**YOUR INSTRUCTIONS**.
Look through the data below and extract, unchanged, the lines from the one that contains "5291 Cape George" to the one that contains "Lush backyard with", both included.

**DATA TO EXAMINE**.
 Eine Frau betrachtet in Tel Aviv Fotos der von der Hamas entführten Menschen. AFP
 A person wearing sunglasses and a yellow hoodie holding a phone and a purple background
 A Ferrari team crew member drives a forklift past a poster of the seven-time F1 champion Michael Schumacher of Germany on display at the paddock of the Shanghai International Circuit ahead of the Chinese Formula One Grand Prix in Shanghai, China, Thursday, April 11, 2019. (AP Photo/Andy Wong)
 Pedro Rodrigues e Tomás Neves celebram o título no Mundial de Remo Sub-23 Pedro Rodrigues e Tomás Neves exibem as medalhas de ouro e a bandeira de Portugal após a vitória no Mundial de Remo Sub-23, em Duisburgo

---

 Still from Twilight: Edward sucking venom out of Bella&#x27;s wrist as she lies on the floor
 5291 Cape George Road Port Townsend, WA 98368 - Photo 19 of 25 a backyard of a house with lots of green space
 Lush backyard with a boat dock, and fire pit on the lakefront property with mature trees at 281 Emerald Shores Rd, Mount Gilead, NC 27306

**RESPONSE TO THE EXERCISE**.
 5291 Cape George Road Port Townsend, WA 98368 - Photo 19 of 25 a backyard of a house with lots of green space
 Lush backyard with a boat dock, and fire pit on the lakefront property with mature trees at 281 Emerald Shores Rd, Mount Gilead, NC 27306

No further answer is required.